Hiram Ulysses Grant was born into an abolitionist Whig family of Ohio hillbillies, the type of yeoman Thomas Jefferson loved so much. He hated working in a tannery, so his dad petitioned to get him into West Point. Ohio’s Democratic representative didn’t give a damn what some Whig boy’s name was, so he nominated “U.S. Grant” for the military academy. Considering how insanely annoying it is to change your information in a military database in 2022, it must have been a real quagmire in 1839. So, Grant just rolled with it. 

Despite being from an abolitionist family, he married into a family of slaveowning Democrats. After the Mexican-American War, Grant was so broke that he had to sell his gold watch to buy Christmas gifts. Around that time, he inherited a slave worth about $1,000 (~$34,000 in 2022). Despite being dead broke, Grant freed that slave. 

Pause for a moment and consider that: He didn’t force the enslaved man to work and produce wealth for him. He didn’t even sell his $34,000 man. He was selling firewood out of the back of his raggedy wagon and still kept his values. How much do your values cost? Is it less than $34,000?

Grant went on to win the Civil War, save the Union, destroy the KKK, create Yellowstone National Park, appoint America’s first Jewish governor, and secure some temporary voting rights for Black Americans. 

His Native American policy flip-flopped between idealistic and paternalistic and murderous, but that’s a different article. 

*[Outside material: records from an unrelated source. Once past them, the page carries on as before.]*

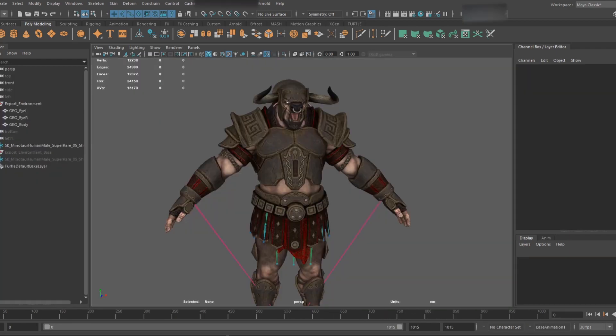Welcome back to Animation Technically. Today we're going to be looking at Minotaurs from Dawn of Titans, a game I worked on for quite some time. This was one of two classes of characters that I got to create.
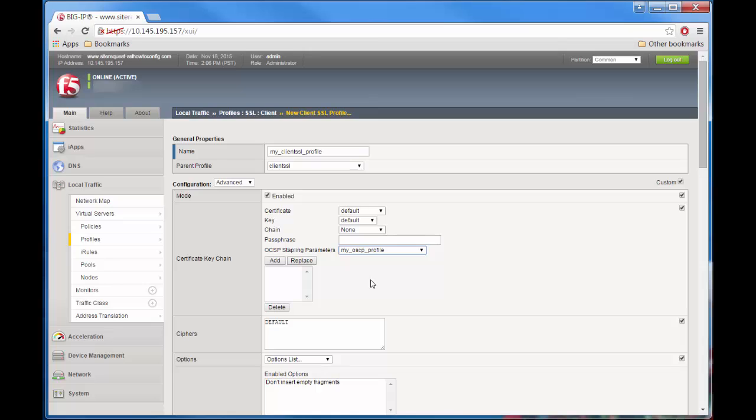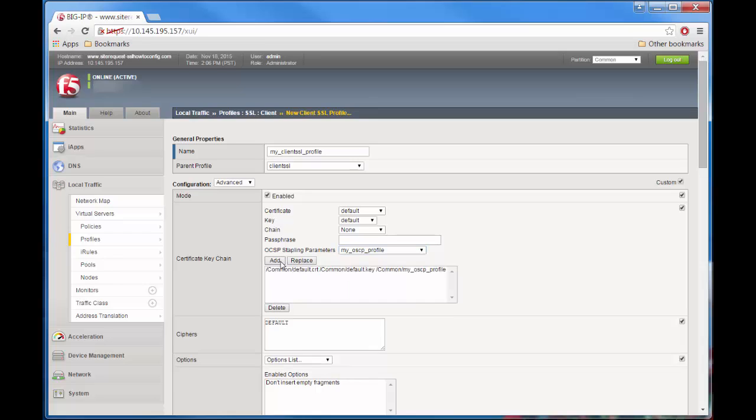Pick the OCSP stapling profile you created earlier and then click Add. F5 Networks strongly recommends you do not use only the default cipher string and instead that you also append other ciphers to it.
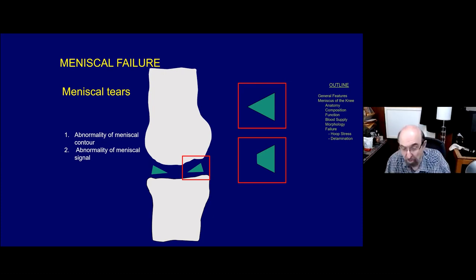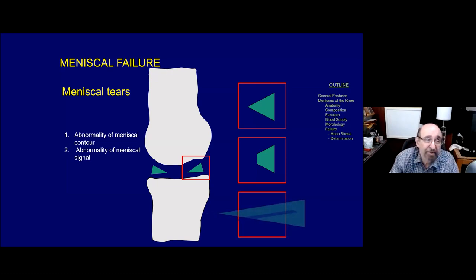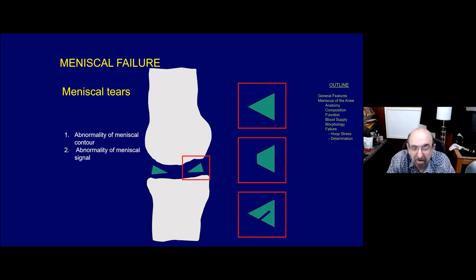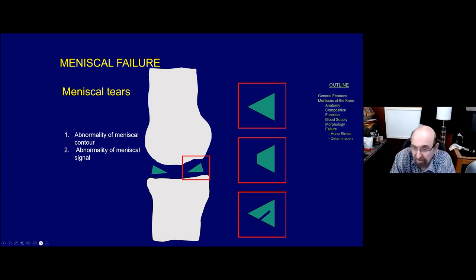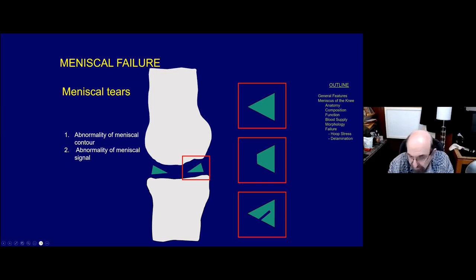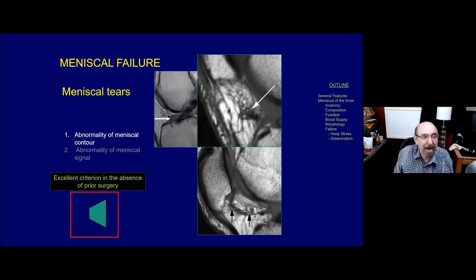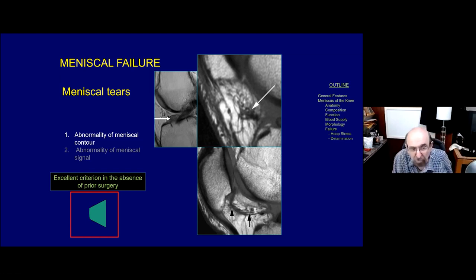The second criteria is an abnormality of meniscal signal. The classic teaching is that if you have altered signal - gray or even bright fluid - that violates the top, the bottom, or the apex of the meniscus, it's evidence of meniscal tear. The periphery of the meniscus does not count as a meniscal surface. The first criterion, an abnormality of meniscal contour, is simply terrific - if you can eliminate the possibility of prior surgery.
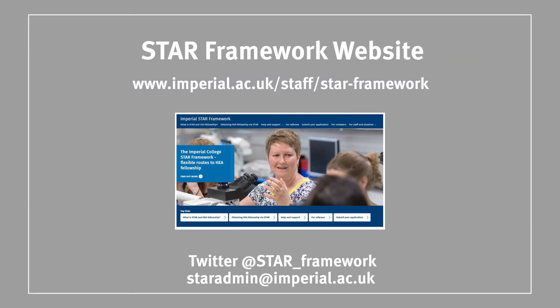This video was designed to introduce you to the first of three dimensions of practice of the UKPSF. The next step for you would be to watch the UKPSF Core Knowledge and UKPSF Professional Values video to gain a better understanding of the framework in its entirety.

US Grant is America’s greatest slaveowner because he was a slaveowner for about twenty minutes and sacrificed quite a lot for one man’s dignity. 

Tear Down Their Statues?

So, what’s my point? Tear down the statues of these men, scrape their names off every building in America, and damn their memories? No. Slaveowners such as Washington, Jefferson, and Clay caused grievous moral injury to themselves and to their nation. Their wound, festering for four score and four years, nearly proved fatal to the nation in 1860. The United States nearly died due to their moral abdication (in the case of the soft abolitionists) and their immoral greed (in the case of those ardently pro-slavery). So, why should they have statues and not Robert E. Lee?

The answer is simple: Robert E. Lee set his life and his genius to the task of destroying the United States. Had he succeeded, the United States would not exist as a free and prosperous nation. That’s not a man to be celebrated. 

Clay, Jefferson, Hamilton, Washington, and the others set their considerable skills to the betterment and preservation of the Union. Their public lives were exemplary and thus, they deserve public acclaim. Their private lives featured abhorrent moral failings, but they were public heroes. 

If you live like Jefferson at work and in civic life, you’ll be counted also as a great American. If you live like Jefferson in private, I’m calling the FBI, you sick bastard.